Friday, August 28, 2009

Hope, reality collide in post-Katrina New Orleans


NEW ORLEANS — Shelia Phillips doesn't see the New Orleans that Mayor Ray Nagin talks about, the one on its way to having just as many people and a more diverse economy than it did before Hurricane Katrina. How could she?

From the front porch of her house in the devastated Lower 9th Ward, it's hard to see past the vegetation slowly swallowing the property across the way. Nearby homes are boarded up or still bear the fading tattoos left by search and rescue teams nearly four years ago. The fence around a playground a few blocks down is padlocked.

"I just want to see people again," she said recently, swatting bugs in the muggy heat.

On paper, the city's economy appears to be thriving, with relatively low unemployment, foreclosure and bankruptcy rates. But in post-Katrina New Orleans, residents' perceptions of their city's recovery tends to depend on where they live, their vantage point of it.

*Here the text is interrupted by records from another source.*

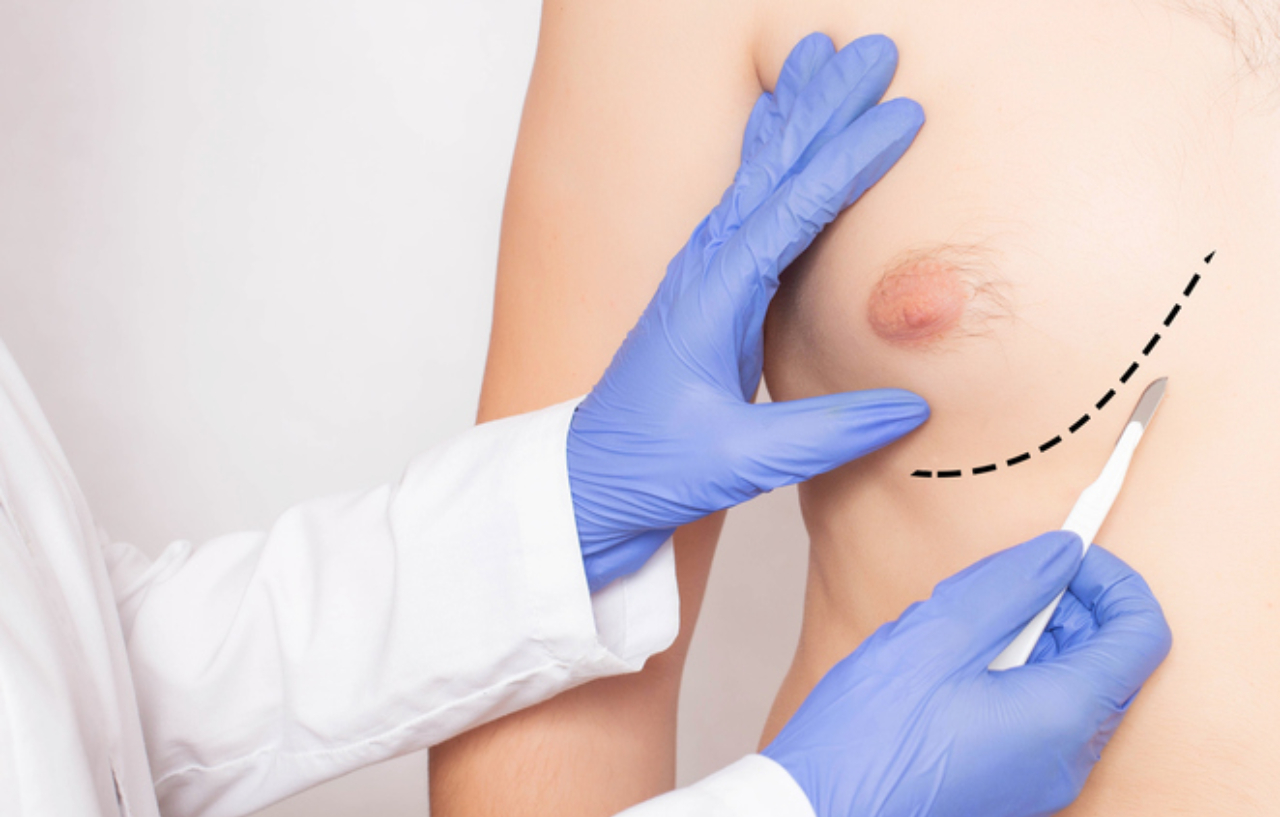 Male-Breast-and-Nipple-Reduction
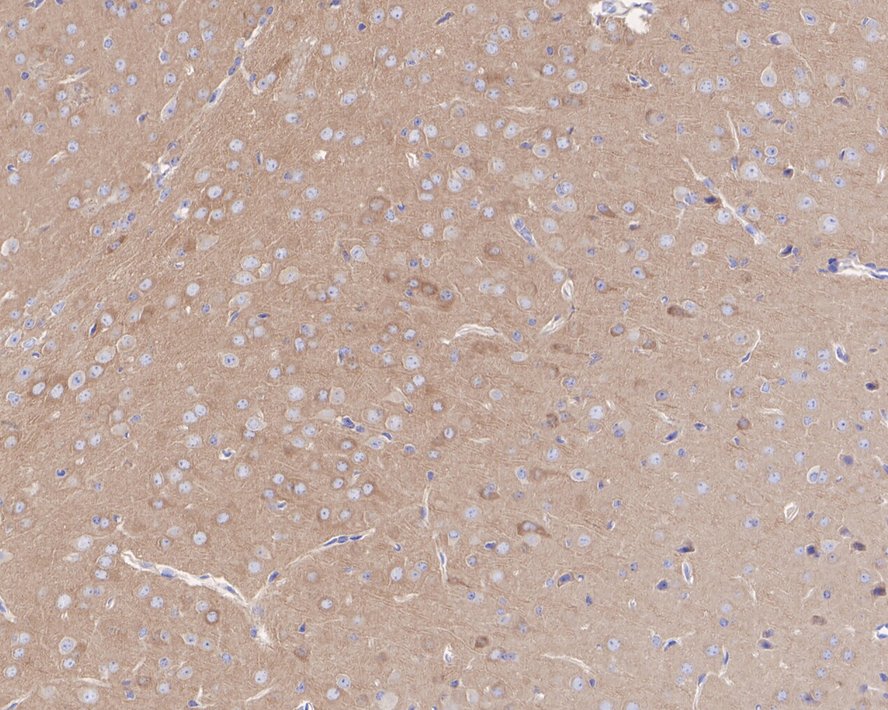 ROCK2 Antibody (JE31-36)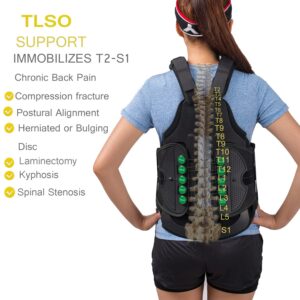 TODDOBRA TLSO Thoracic Full Back Brace for Men and Women - Universal Treat Kyphosis, Compression Fractures, Osteoporosis, Upper Spine Injuries, and Pre or Post Surgery with Hard Lumbar Support ( Size XXL)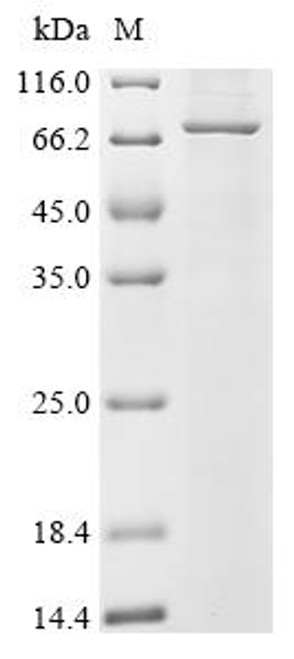 Recombinant Human Mannosyl-oligosaccharide 1,2-alpha-mannosidase IB (MAN1A2) (CSB-CF013384HU)
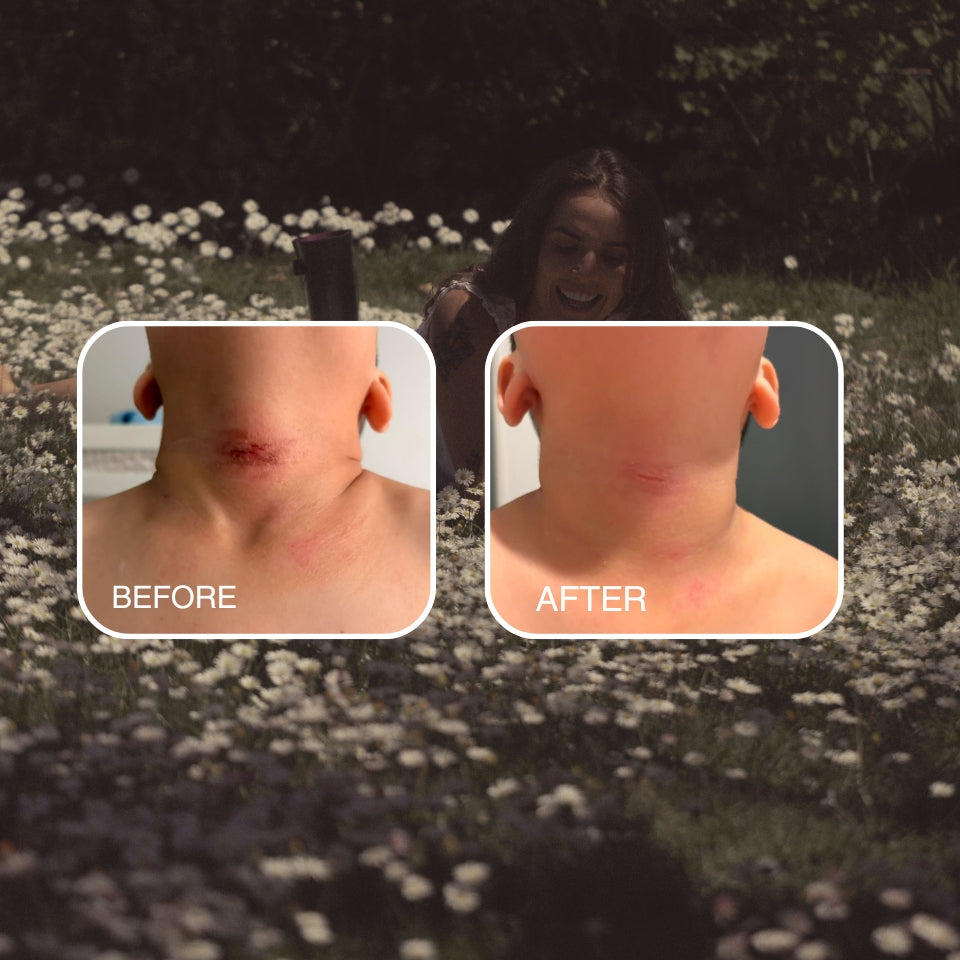 Skin Tallow Cream (Eczema & Psoriasis Safe)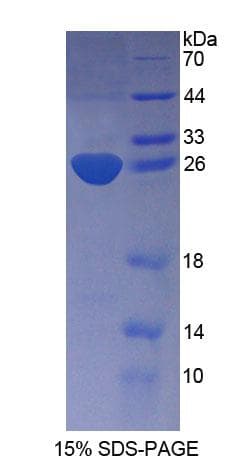 Mouse KATNA1 Protein (Recombinant His-T7)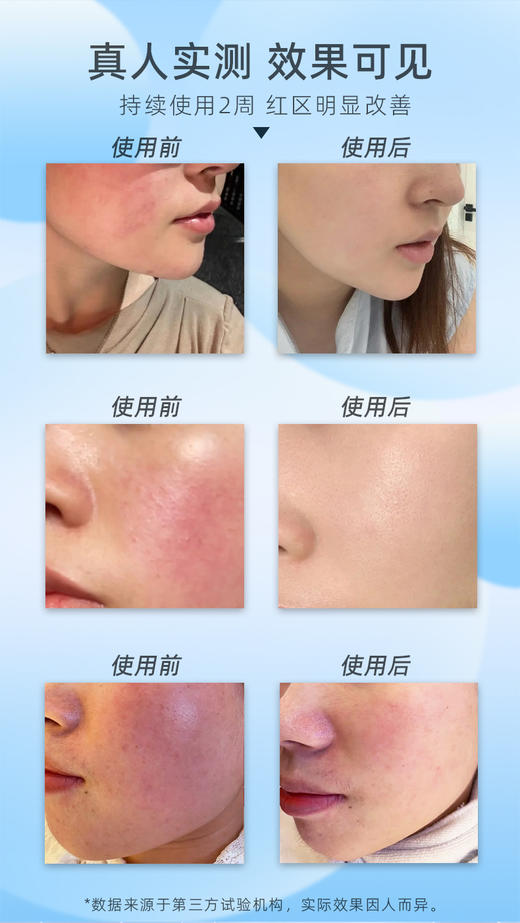 【拾光肌因】白细胞舒缓精油 商品图5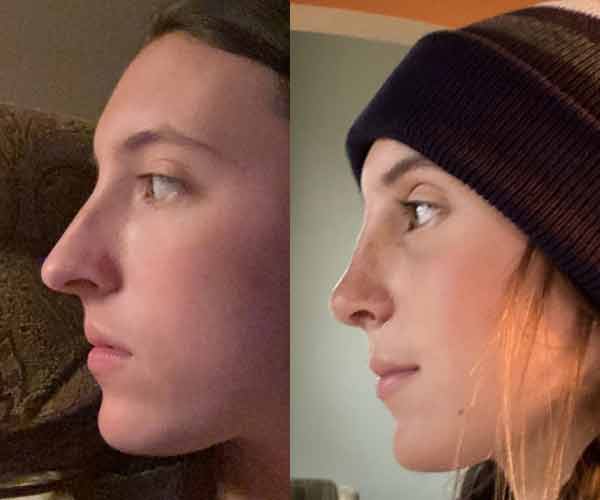 Nose surgery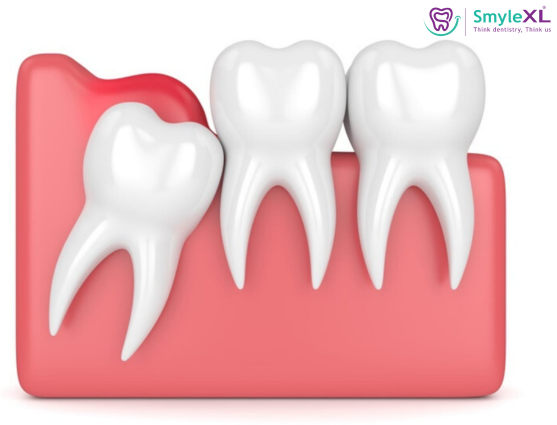 Wisdom Tooth Removal in Viman Nagar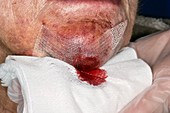 Bleeding from warfarin patient's chin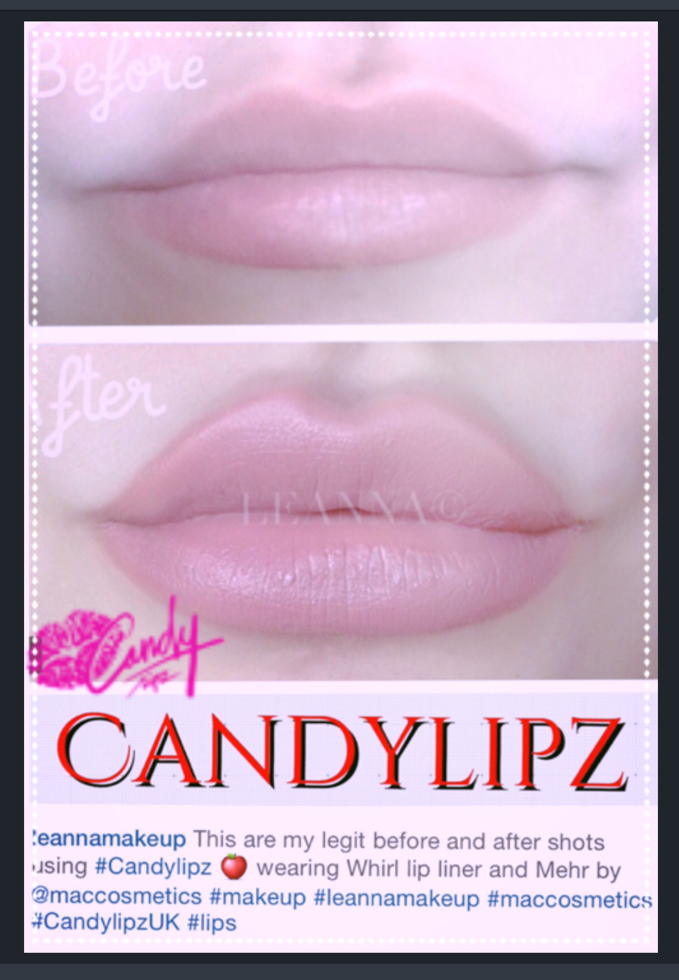 What is Cinderella Lips? - CandyLipz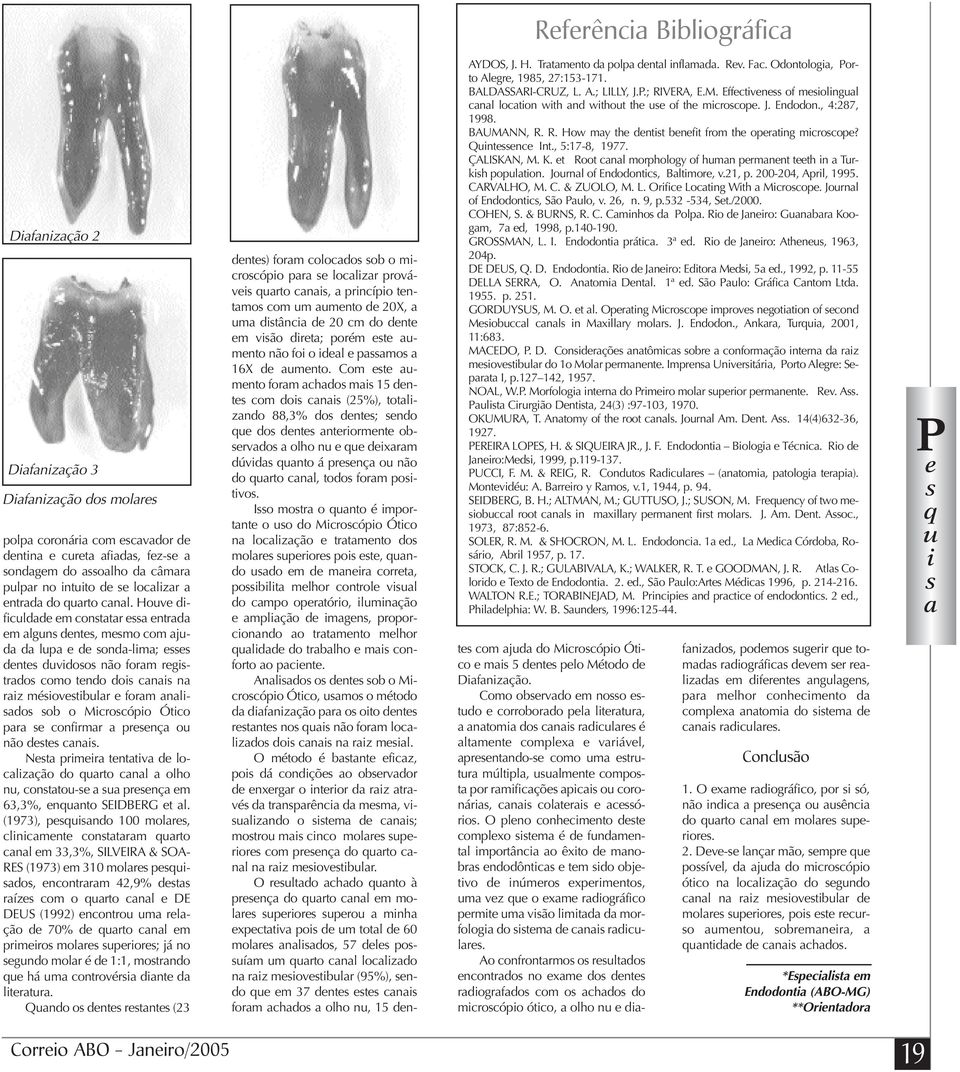 Houve dificuldade em constatar essa entrada em alguns dentes, mesmo com ajuda da lupa e de sonda-lima; esses dentes duvidosos não foram registrados como tendo dois canais na raiz mésiovestibular e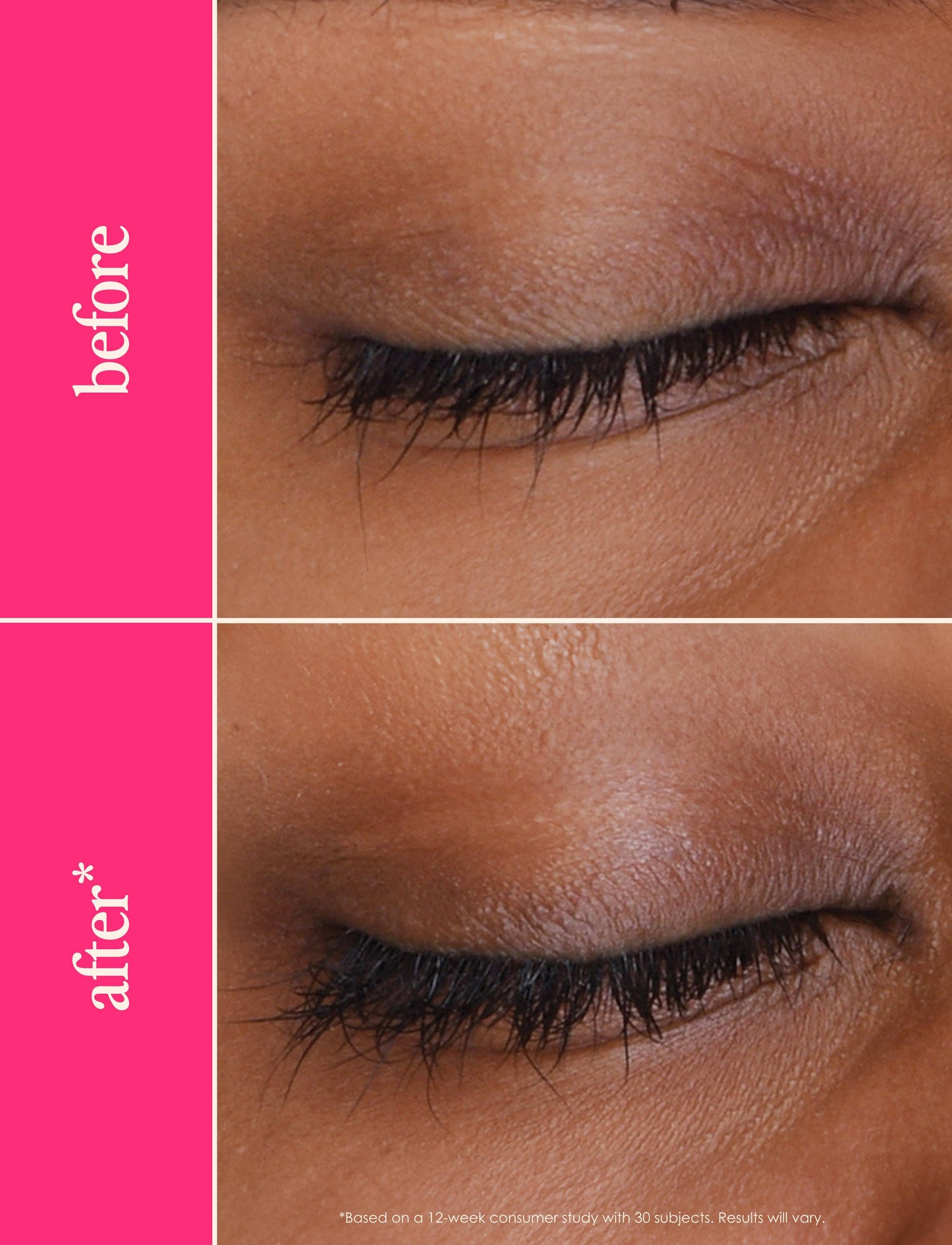 GrandeLASH-MD Lash Enhancing Serum: 2 mL (3 Month Supply)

Swaths of some neighborhoods are sparsely populated, even desolate, and federal rebuilding dollars have provided much of the economic resilience.

While the recovery has been "stronger than anticipated," the city "will still face challenges to long-term stability and prosperity," according to a report released Tuesday by GCR & Associates Inc., an urban planning and consulting firm.

New Orleans's economy is among the healthiest of major metro areas, according to The Associated Press Economic Stress Index, which assigns counties a score of 1 to 100 based on unemployment, foreclosure and bankruptcy data.